The government has banned councils from enforcing 15mph speed limits on their roads, disappointing road safety campaigners.
Last year the City of London Corporation announced that it would be the first local authority to introduce the lower speed limit across the Square Mile in a bid to make its streets safer.
Other councils in built-up areas around the country were expected to follow suit if the change was successful.
But The Independent has learned that the Department for Transport (DfT) has refused to grant permission to the corporation to enforce the planned lower limit.
DfT officials said they were concerned about the accuracy of speedometers at such low speeds and the fact that not all speedometers were marked in 5mph gradations.
This would make it hard for some drivers to comply with the limits and make it problematic to enforce the lower maximum, they said.
As a back-up plan, the City is to install “advisory” signs on its streets telling motorists that the “maximum speed” is 15mph – but they will not be legally enforceable.
By law they will also have to be of a different design to the typical red circle speed limit signs. The plan was due to be in place by the end of the year, and the first advisory signs have already been installed.
Shravan Joshi, chair of the City of London Corporation’s planning and transportation committee, told The Independent that the City was still committed to its policy of eradicating deaths and serious injuries on its streets by 2040 – known as Vision Zero.
“Evidence shows that lower speeds help to reduce road danger and prevent injury to people travelling in the Square Mile,” he said.
The DfT “rejected proposals for a City-wide mandatory 15mph speed limit due to challenges relating to enforcement and the accuracy of speedometers at lower speeds”, he confirmed, adding that “despite this, we will continue to work to achieve a culture of slower speeds through street design and behaviour-change initiatives to help achieve our Vision Zero goal”.
The decision by the DfT was made behind closed doors in late 2021 but revealed this week in technical papers submitted to the Corporation’s transport committee.
Jeremy Leach, chair of campaign group London Living Streets, said the original plan for enforceable speed limits had “clear benefits”.
“It is very disappointing that an initiative to increase safety is not being supported by the Department for Transport, but we hope that the City will roll out its advisory 15mph limits throughout its streets,” he said.
Dr Suzy Charman, executive director of the Road Safety Foundation, told The Independent she had sympathy with the DfT’s reasoning, but added: “There is no doubt that reduced speeds are absolutely critical to achieving a goal of zero road deaths and serious injuries, while also making our roads safer and feeling safer for increased active travel, which is important for sustainability, inclusion, and for our health and wellbeing.”

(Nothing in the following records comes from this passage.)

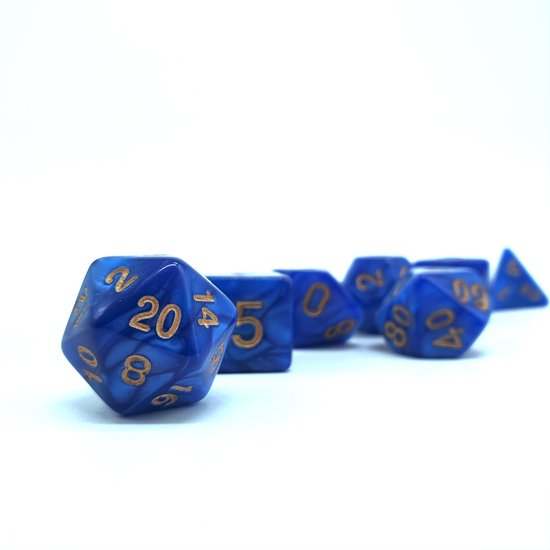 Thumbnail van een extra afbeelding van het spel Blazium - Preal Series - Deep Sea Blue - Incl. velvet bewaarzakje - DnD dice set - Dungeons and Dragons dobbelstenen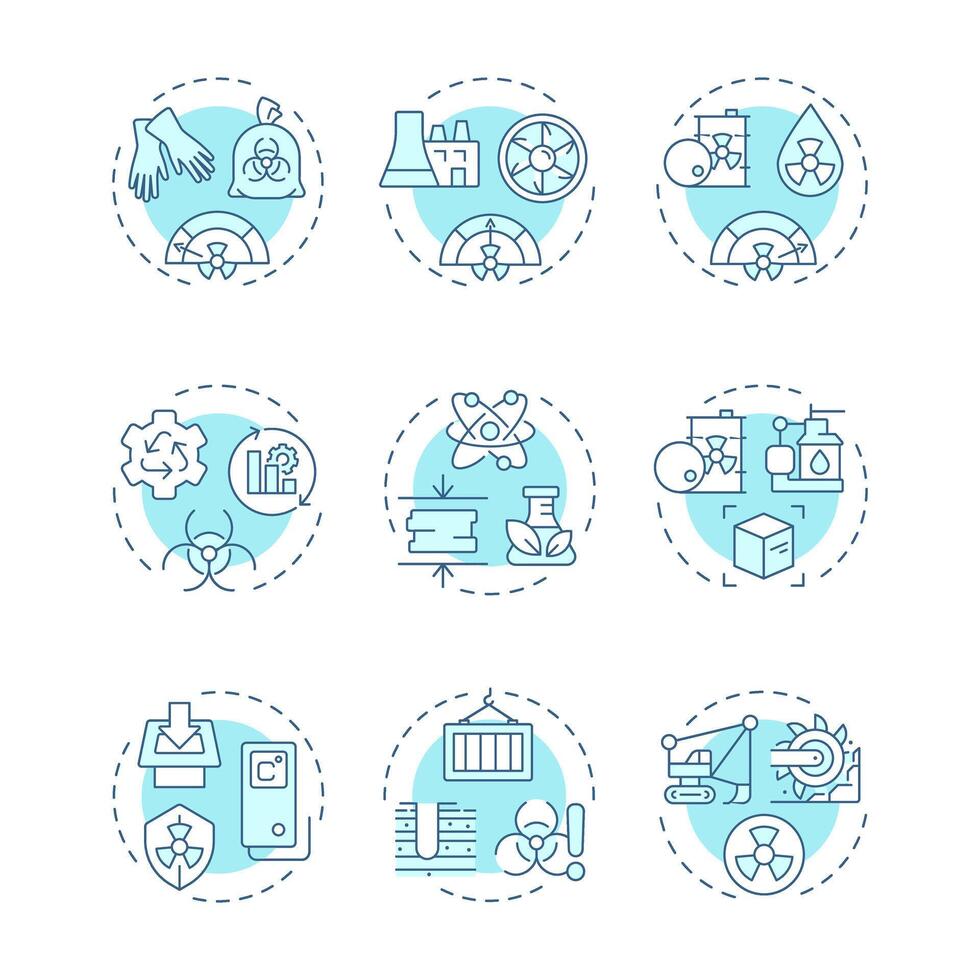 Nuclear waste management soft blue concept icons. Radioactive materials treatment techniques. Environment care. Icon pack. Round shape illustrations for presentation. Abstract idea vector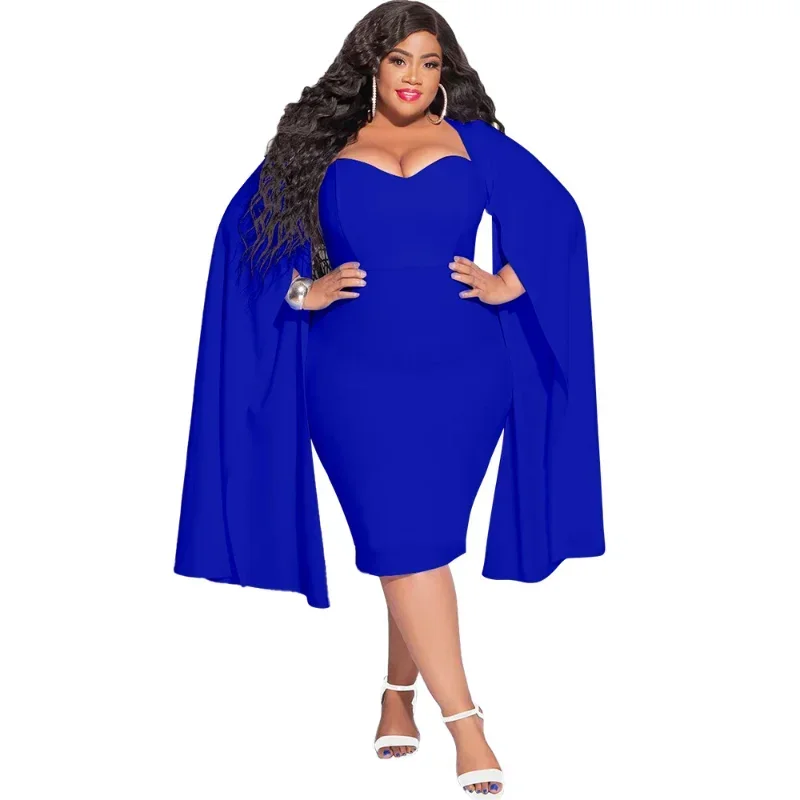 

KEXU Fashion Plus Size Women Clock Long Sleeve Bandage Bodycon Knee Length Curve Dress Evening Sexy Party Club Dresses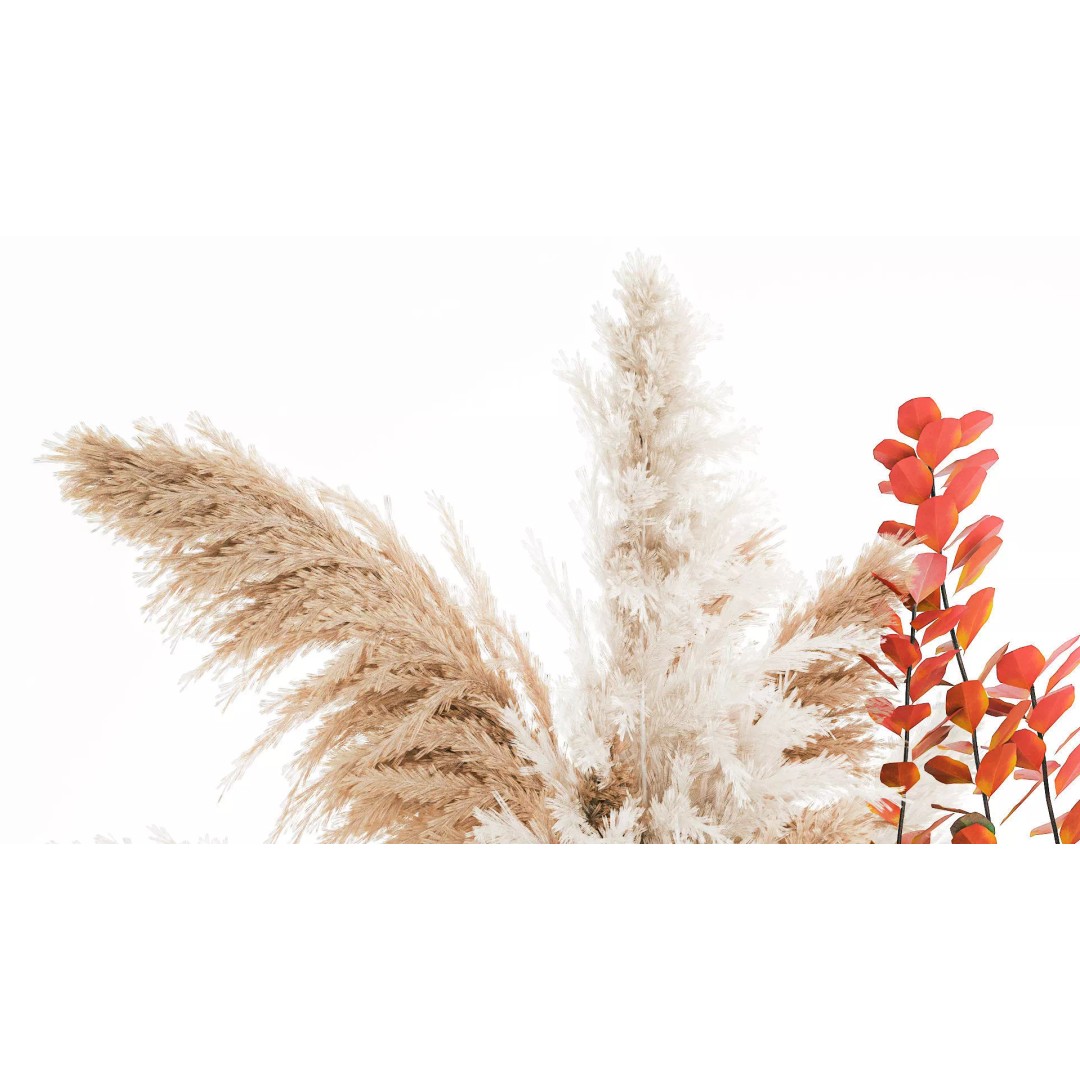 Autumn Flowers Bouquet 3D Model – Realistic Dried Decor, FBX - View 8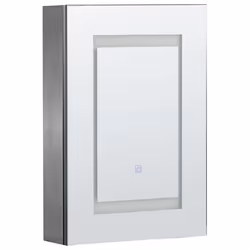 Bathroom Wall Mounted Mirror Cabinet LED MALASPINA 40 cm 60 cm Black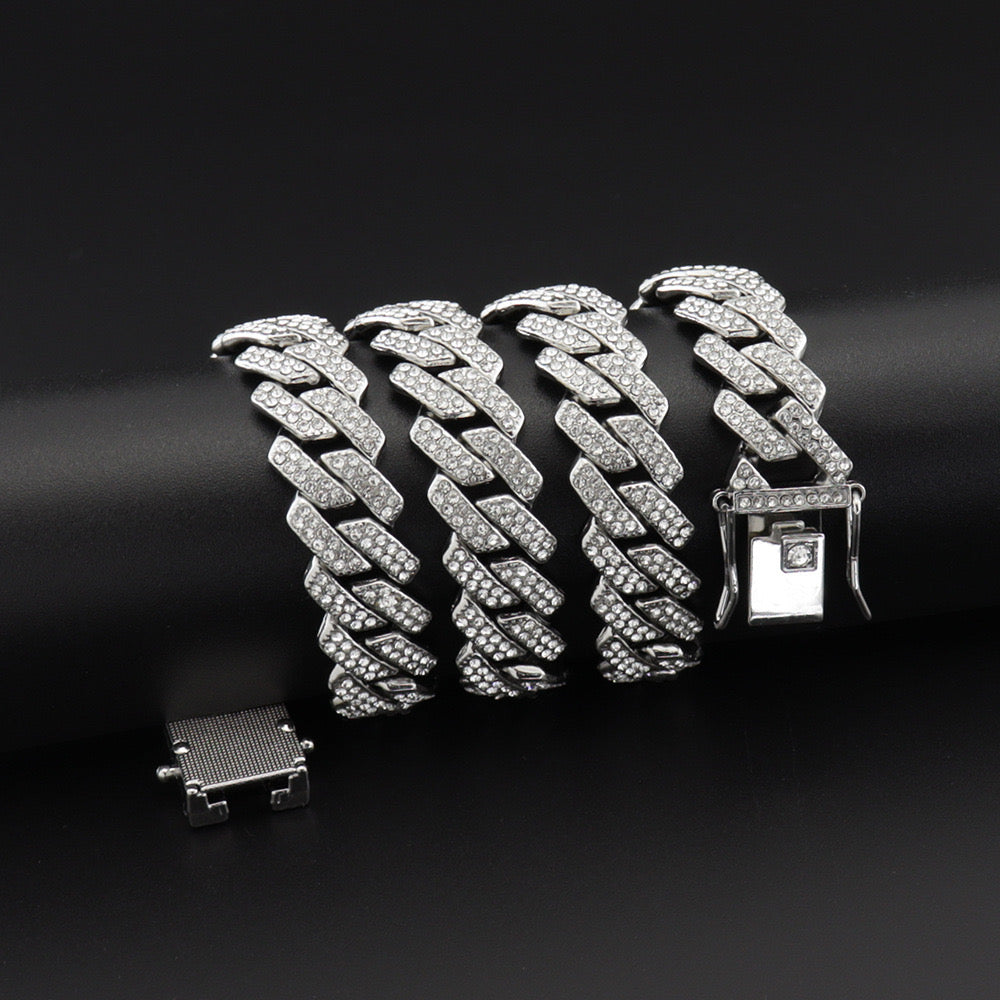 Iced Cuban Link Necklace & Bracelet Set
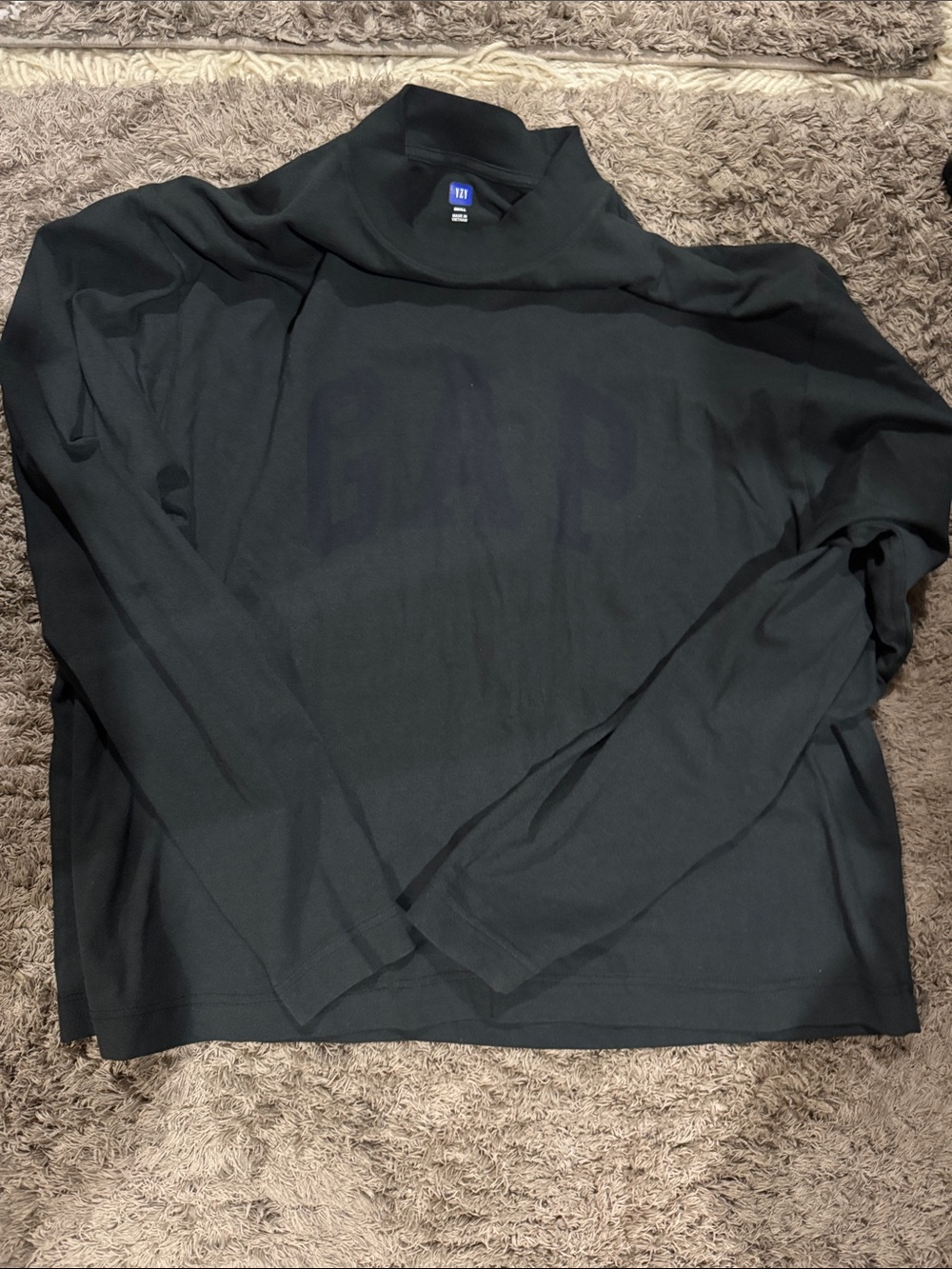 Yeezy x Balenciaga GAP Black Mock Neck Logo Top cropped oversized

Dr Charman said 15mph limits should be revisited as an option in the future if new technologies made the approach viable.
DfT officials said they were concerned that international rules on speedometer design did not require all of them to be marked in 5mph gradations – even though most cars have this feature.
Speedometer design is covered by the United Nations Economic Commission for Europe (UNECE) Regulation 39, which states that “in the case of vehicles manufactured for sale in any country where imperial units are used, the speedometer shall also be marked in miles per hour (mph)” and that “the graduations shall be of 1, 2, 5 or 10mph”.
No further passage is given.